Вызов Екатерины нарушил размышления о будущем нашего мира.

– Павел! – голос был очень встревоженным. – Слышишь меня?

– Да! – крикнул я. – Двигаюсь по намеченному пути. Прошёл уже сто шестьдесят километров!

– Это отлично! Но вот у них дела совсем плохи. Реактор почти сдох, система жизнеобеспечения вышла из строя. Они спустились вниз и надели скафандры. Температура внутри стремительно повышается! К тому же, обшивка станции где-то на верхнем уровне дала трещину, внутрь стали просачиваться токсичные газы. Они закрылись в гараже, но шлюзовая камера там больше не герметичная, её перекосило от деформации каркаса!

– Понятно, – я сжал зубы до боли. – Я стараюсь как могу.

Мне удалось ещё минут пятнадцать двигаться с такой же максимальной прытью, прежде чем с запада налетела новая буря, которая резко снизила скорость и видимость. Песок громко заскрежетал по обшивке, а детектор радиации вдруг взвыл, сообщая об опасном уровне излучения.

– Ох и нахватаюсь же я, – пробормотал я вслух, со страхом глядя на показания уровня радиации.

Конечно, броня в определённой степени защищала меня, но до известного предела. Несколько часов в такой «грязной» буре насытят тело дозой как от двадцати рентгеновских снимков.

Я посмотрел на условный обратный отсчёт, который неумолимо сокращал время, отпущенное на выживание работников семнадцатой станции. Оставалось ещё примерно три часа.

– Павел! – голос Екатерины был слабым и то и дело перемежался помехами. – Они на…и скаф…ы! Остало… часа! Три …са!

Связь пропала и больше уже не появлялась, чему виной были и расстояние, и высокая плотность песчаной бури. Я догадался, что условия заставили членов команды надеть скафандры, система жизнеобеспечения которых была рассчитана только на три часа автономного функционирования. Когда запасы энергии и кислорода в скафандрах истощатся, люди погибнут! И моя поездка вообще окажется бессмысленной.

Как назло ровная поверхность закончилась. Начались холмы, разделяющие верховое плато и обширную каменистую долину, в которой находилась семнадцатая станция.

Стараясь выбирать самое безопасное направление, я крутил руль и беспрерывно работал педалями, пробираясь между нагромождениями оплавленных радиоактивных скал, взбираясь на холмы и скатываясь с них, дивясь удивительной конструкторской гениальности людей, которые создали этот потрясающий вездеход. Оставалось только догадываться, как его колёса умудрялись иной раз удерживаться на камнях, а сильный ревущий двигатель надёжно вытягивал эту немалую массу, не захлёбываясь. Я напряжённо прислушивался к его работе, со страхом ожидая каких-нибудь посторонних звуков, которые могли бы свидетельствовать о появившейся неисправности, но пока техника не давала оснований для беспокойства.

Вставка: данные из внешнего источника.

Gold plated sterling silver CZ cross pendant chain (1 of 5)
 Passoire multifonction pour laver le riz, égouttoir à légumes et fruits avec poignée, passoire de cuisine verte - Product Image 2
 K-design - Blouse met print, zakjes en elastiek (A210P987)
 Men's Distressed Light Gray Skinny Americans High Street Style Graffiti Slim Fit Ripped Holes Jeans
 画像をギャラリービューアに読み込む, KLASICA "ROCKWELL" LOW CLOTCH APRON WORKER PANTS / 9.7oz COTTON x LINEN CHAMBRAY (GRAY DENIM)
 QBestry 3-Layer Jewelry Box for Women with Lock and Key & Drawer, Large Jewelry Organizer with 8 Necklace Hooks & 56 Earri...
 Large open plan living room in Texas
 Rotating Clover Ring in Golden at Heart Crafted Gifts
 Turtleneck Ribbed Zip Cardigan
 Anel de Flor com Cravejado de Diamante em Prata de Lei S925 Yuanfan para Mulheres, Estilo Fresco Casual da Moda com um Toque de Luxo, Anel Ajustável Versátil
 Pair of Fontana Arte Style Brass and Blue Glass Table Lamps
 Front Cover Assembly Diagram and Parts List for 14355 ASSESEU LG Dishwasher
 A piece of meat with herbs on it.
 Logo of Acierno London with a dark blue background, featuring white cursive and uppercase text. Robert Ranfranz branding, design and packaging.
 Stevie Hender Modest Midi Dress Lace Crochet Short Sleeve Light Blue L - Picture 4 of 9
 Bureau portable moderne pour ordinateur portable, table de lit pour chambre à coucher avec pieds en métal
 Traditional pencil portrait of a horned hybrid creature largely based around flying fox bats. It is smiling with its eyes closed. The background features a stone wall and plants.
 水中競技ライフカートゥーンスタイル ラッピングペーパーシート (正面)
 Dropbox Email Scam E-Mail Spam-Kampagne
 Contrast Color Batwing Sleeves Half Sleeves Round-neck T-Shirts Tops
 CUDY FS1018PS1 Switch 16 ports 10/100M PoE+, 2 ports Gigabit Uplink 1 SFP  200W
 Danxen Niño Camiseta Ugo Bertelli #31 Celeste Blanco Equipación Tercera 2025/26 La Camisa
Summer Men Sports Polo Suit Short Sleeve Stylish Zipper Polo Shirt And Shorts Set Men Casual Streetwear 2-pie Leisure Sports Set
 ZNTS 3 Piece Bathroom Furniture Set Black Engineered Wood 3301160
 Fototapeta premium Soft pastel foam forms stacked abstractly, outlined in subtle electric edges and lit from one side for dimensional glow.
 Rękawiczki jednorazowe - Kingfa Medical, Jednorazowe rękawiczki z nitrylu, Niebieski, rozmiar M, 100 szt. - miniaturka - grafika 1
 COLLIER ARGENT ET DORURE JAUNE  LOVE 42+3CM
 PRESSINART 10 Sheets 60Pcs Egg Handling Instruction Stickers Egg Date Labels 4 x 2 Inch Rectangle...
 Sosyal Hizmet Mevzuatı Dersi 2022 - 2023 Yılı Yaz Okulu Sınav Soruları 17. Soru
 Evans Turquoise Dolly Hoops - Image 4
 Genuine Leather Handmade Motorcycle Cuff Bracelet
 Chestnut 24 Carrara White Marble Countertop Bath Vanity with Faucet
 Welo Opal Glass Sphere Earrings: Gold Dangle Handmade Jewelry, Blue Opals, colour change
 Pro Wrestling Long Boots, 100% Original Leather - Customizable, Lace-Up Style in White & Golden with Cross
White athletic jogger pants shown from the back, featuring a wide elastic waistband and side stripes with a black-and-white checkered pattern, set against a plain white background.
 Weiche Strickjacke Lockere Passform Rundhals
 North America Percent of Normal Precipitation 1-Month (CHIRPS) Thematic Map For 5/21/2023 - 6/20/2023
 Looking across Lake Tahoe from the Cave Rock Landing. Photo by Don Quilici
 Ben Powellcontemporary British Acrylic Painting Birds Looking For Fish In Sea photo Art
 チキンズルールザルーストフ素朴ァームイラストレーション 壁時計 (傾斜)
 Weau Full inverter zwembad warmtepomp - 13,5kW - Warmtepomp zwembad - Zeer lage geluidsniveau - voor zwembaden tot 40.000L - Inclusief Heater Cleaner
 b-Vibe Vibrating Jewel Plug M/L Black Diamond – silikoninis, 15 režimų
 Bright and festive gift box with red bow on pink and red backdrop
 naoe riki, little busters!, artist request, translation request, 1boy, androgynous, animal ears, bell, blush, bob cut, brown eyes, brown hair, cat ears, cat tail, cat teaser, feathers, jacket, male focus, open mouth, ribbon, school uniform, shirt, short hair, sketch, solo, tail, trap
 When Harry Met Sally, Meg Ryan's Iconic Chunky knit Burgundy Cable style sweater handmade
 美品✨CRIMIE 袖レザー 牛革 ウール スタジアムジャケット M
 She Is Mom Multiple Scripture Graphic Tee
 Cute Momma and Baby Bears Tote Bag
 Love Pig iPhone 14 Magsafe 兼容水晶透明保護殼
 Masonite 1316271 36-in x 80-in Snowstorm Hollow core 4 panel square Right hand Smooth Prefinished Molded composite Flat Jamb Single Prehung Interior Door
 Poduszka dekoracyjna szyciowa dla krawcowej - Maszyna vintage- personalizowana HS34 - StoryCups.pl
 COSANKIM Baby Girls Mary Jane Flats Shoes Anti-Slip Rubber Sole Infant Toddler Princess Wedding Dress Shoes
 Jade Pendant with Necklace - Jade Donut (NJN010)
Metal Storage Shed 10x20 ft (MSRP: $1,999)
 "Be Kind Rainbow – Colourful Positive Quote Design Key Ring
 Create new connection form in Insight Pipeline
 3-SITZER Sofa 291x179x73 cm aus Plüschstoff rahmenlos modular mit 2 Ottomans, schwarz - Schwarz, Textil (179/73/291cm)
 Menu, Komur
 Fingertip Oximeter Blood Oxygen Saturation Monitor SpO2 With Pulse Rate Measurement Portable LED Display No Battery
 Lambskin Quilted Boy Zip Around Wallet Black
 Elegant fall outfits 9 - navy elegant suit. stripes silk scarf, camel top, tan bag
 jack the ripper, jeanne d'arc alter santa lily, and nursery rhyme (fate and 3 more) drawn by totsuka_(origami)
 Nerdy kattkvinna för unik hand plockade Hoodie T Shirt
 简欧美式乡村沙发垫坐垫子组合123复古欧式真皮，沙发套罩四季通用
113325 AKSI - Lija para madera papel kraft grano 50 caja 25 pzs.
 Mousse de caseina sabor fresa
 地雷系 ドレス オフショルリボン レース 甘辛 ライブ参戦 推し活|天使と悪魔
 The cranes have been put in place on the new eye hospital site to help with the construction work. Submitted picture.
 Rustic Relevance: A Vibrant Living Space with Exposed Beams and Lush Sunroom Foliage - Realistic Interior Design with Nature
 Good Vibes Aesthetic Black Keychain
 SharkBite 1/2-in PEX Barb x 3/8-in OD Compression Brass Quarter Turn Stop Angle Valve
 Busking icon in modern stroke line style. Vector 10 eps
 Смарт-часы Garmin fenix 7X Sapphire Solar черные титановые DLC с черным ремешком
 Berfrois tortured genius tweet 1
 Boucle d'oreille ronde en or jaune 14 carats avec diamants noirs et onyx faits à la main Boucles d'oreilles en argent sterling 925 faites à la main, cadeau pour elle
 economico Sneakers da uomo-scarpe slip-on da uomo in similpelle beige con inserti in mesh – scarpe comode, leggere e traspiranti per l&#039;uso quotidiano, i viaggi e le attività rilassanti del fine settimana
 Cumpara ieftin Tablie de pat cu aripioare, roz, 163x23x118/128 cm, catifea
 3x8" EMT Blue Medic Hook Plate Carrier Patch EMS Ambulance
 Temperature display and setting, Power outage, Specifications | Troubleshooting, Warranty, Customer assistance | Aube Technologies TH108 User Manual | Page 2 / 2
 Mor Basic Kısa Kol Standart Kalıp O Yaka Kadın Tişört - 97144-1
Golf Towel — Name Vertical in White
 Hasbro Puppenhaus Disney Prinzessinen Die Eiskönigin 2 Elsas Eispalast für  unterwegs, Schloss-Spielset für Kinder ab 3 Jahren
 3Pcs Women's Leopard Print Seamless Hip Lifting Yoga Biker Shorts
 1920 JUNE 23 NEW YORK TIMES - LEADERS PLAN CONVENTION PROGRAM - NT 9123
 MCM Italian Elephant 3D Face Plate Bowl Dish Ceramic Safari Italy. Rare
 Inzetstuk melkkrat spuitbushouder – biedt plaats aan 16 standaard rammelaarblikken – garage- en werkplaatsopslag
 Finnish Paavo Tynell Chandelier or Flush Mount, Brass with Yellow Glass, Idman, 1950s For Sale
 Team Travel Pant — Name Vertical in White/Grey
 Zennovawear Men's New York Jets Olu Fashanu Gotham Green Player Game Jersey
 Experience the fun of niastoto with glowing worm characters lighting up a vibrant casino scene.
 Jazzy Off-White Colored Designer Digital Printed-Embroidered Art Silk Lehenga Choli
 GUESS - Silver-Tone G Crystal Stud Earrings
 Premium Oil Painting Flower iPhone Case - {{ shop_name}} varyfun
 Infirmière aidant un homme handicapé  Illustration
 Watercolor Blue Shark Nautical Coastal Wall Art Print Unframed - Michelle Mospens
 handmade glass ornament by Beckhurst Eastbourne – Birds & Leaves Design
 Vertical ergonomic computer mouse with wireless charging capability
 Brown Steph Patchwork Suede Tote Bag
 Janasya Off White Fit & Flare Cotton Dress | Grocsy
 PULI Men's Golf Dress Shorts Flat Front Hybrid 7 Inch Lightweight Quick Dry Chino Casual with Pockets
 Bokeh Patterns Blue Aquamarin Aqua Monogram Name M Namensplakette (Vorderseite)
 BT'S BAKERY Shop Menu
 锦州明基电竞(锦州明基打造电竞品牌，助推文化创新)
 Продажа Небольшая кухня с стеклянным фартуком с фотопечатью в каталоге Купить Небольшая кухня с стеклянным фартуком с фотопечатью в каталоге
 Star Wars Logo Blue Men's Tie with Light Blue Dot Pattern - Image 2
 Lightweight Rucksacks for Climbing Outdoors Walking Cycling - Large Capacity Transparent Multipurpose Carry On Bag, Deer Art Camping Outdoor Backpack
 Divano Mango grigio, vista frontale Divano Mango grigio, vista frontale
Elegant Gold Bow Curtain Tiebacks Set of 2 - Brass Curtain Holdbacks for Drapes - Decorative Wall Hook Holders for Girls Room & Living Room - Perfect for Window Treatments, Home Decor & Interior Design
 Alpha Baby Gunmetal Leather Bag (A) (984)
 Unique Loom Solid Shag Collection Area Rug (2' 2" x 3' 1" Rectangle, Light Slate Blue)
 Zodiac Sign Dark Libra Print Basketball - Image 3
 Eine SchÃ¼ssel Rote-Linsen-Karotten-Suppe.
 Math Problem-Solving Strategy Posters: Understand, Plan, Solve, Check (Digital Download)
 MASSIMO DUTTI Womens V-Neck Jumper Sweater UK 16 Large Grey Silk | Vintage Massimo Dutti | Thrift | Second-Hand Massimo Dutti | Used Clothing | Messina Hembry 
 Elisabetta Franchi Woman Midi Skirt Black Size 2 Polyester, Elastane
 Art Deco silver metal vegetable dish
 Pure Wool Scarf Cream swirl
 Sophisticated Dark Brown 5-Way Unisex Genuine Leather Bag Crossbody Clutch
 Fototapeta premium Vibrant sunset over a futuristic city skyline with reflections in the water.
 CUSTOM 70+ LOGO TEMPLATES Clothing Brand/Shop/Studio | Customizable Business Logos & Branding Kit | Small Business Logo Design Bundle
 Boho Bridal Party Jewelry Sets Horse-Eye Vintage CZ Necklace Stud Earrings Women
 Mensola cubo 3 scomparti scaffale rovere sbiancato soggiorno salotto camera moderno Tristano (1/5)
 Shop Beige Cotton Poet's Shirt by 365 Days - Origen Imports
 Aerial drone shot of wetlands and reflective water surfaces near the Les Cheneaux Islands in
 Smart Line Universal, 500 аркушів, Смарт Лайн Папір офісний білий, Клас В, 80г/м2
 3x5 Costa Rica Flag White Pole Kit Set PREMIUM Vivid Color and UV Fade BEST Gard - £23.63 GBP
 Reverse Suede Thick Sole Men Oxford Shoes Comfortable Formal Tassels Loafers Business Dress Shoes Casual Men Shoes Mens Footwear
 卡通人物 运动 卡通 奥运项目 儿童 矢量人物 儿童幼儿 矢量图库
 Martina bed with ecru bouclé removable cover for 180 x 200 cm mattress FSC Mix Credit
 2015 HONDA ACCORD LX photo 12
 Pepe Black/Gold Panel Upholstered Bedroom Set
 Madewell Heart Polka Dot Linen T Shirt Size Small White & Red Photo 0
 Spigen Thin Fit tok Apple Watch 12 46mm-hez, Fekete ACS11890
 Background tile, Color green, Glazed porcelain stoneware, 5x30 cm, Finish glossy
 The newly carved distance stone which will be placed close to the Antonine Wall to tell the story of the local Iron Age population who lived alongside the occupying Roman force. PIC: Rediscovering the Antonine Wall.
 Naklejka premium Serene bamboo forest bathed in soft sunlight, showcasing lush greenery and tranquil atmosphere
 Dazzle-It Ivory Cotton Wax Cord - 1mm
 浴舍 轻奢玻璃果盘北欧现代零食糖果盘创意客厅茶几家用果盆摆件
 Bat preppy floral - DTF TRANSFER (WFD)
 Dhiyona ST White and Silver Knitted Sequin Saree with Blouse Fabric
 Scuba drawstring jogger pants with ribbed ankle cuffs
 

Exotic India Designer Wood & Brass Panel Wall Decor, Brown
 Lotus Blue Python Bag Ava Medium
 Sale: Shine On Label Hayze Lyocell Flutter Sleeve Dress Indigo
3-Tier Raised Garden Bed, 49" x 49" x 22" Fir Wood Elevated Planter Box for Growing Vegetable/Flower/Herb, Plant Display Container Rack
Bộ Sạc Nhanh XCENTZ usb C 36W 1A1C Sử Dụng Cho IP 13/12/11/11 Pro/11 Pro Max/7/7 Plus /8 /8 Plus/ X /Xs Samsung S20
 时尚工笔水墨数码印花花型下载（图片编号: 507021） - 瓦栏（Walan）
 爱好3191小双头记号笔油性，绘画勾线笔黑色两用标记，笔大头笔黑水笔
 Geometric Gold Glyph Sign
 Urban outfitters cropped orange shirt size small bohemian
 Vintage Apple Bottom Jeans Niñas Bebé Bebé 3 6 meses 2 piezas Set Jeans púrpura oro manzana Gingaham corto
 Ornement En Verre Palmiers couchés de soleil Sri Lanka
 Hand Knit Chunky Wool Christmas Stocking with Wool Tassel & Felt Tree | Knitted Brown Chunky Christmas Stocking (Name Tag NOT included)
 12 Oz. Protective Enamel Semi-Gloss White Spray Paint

За пятый час пути я прошёл ещё сорок километров. Оставшиеся восемьдесят три километра на Земле показались бы мне сущим пустяком, но здесь они превратились в огромное расстояние, наполненное постоянной опасностью и смертью.

Как сильно я ни стремился попасть к месту назначения, один раз мне пришлось остановиться, чтобы припасть к фляге и похлебать остывшего кофе, который отдавал чем-то химическим и не совсем приятным. Лучше бы она налила мне простой воды. Впрочем, и за это ей спасибо.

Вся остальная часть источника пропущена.